Reviewed by Herb Levy

TALES OF THE ARABIAN NIGHTS (Z-Man Games, 2 to 6 players, ages 12 and up, 120+ minutes; $59.99)

 

Some games appear, shine brightly for awhile and then disappear into limbo, never to seen again. In some cases, they remain highly regarded and some even assume the status of a “Holy Grail” as knowledgeable gamers seek to obtain this gaming treasure. Such a game was Tales of the Arabian Nights, a game designed by Eric Goldberg, published by West End Games and reviewed by us way back in the Fall 1987 issue of Gamers Alliance Report. (Check out the Flashback in this issue.) But now, after several decades, the game has reappeared in a new edition that brings gamers back into that magical, fantastical world that is Tales of the Arabian Nights.taleszman

In essence, Tales of the Arabian Nights incorporates the idea of “Choose Your Own Adventure” books and elaborates upon it to great effect. The basic gameplay of Tales has remained unchanged but the changes incorporated into this new edition are hinted at just by holding the box. It weighs a TON! And that can be accounted for by the presence of the new Book of Tales which is huge compared to the original, now being a spiral bound book of 300 pages containing 2600 paragraphs! (One of the criticisms of the original game was that players could become too familiar too soon with the paragraphs in the book. By expanding the book this way, that criticism is blunted.)
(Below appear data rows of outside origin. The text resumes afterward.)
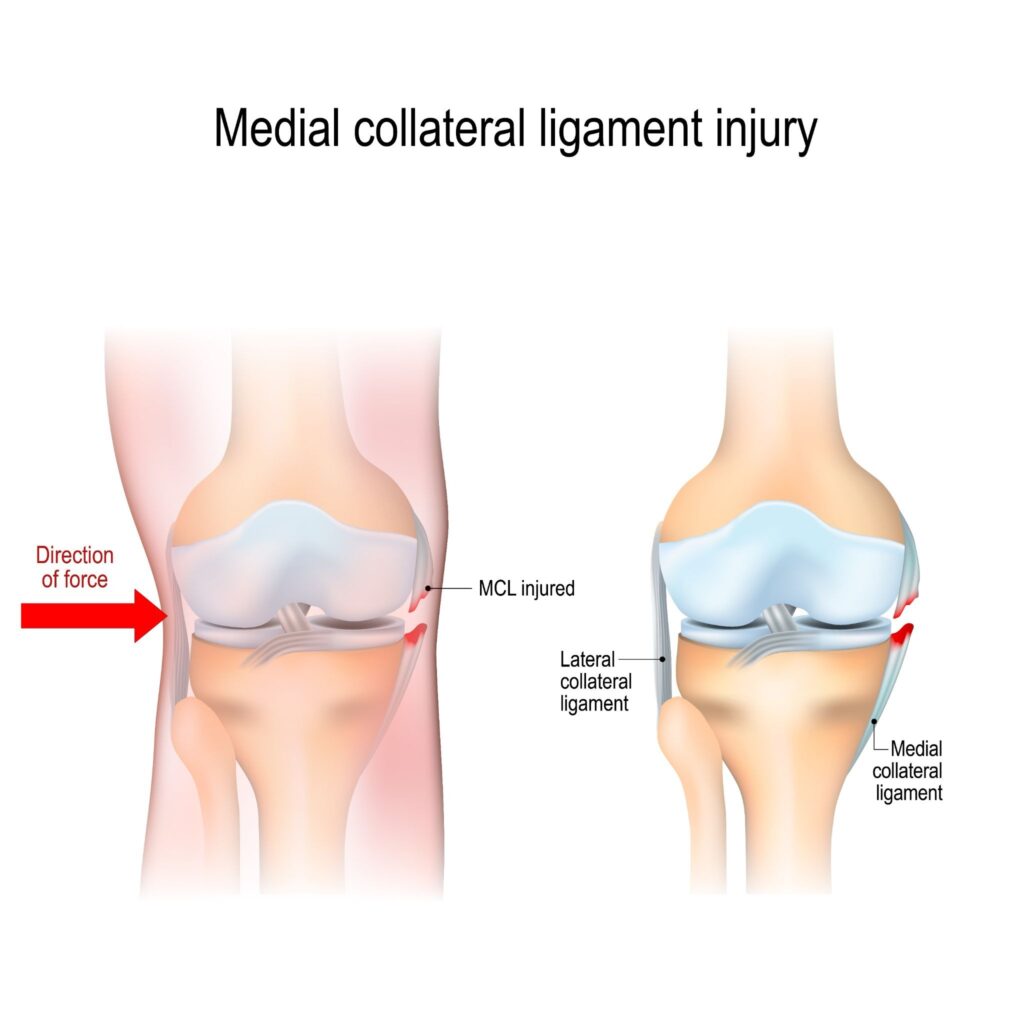 Medial Collateral Ligament (MCL) Injury Singapore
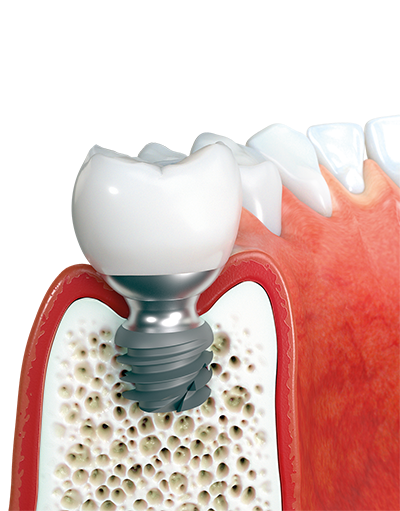 Système Implantaire twinKon®4 coupe Global D mini-implant 4mm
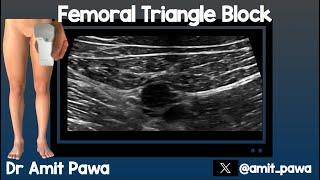 Femoral Triangle Block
Each player begins as a chosen character stationed in Baghdad with a wealth status of “Poor” (a player’s status will change, for better or worse, during the game) and, in a tip of the hat to the classic Parker Brothers game Careers, secretly determines a “Victory Formula” consisting of a number of Destiny and Story Points. (You may decide on any number of Destiny or Story Points but the total MUST equal 20.) All players then choose 3 “Talents” (skills at the basic level) to help them in their adventures. They also receive a Quest card which gives players a goal they may seek to fulfill and serves as a way to earn some of those important Destiny and Story Points.talescards

The active player moves his piece (movement ability tied to wealth), draws a card to determine the latest encounter at his new location and chooses his reaction to the situation. Encounter cards come in three varieties: Character (where a specific a particular entity a player has come across), Terrain (the situation impacted upon by the type of terrain your character is currently occupying) and City (which give you a chance for a “special encounter” if you decide to keep the card and end up in that city on a future turn). Most places on the board can be reached by players through normal travel but there are ten “Places of Power” that are more elusive. These special places, filled with tremendous potential for wealth, glory and Destiny/Story Points, becomeavailable to players if they are skillful enough – or lucky enough – to be presented with an “opportunity to enter” as a result of a previous encounter. As a player goes from encounter to encounter, he will be able to improve on his skills and earn/develop new ones. Generally (although not always) during an encounter, a player will be offered the chance to use one of his superior skills. This can often (but not always) result in a skewing of the encounter’s result in the player’s favor.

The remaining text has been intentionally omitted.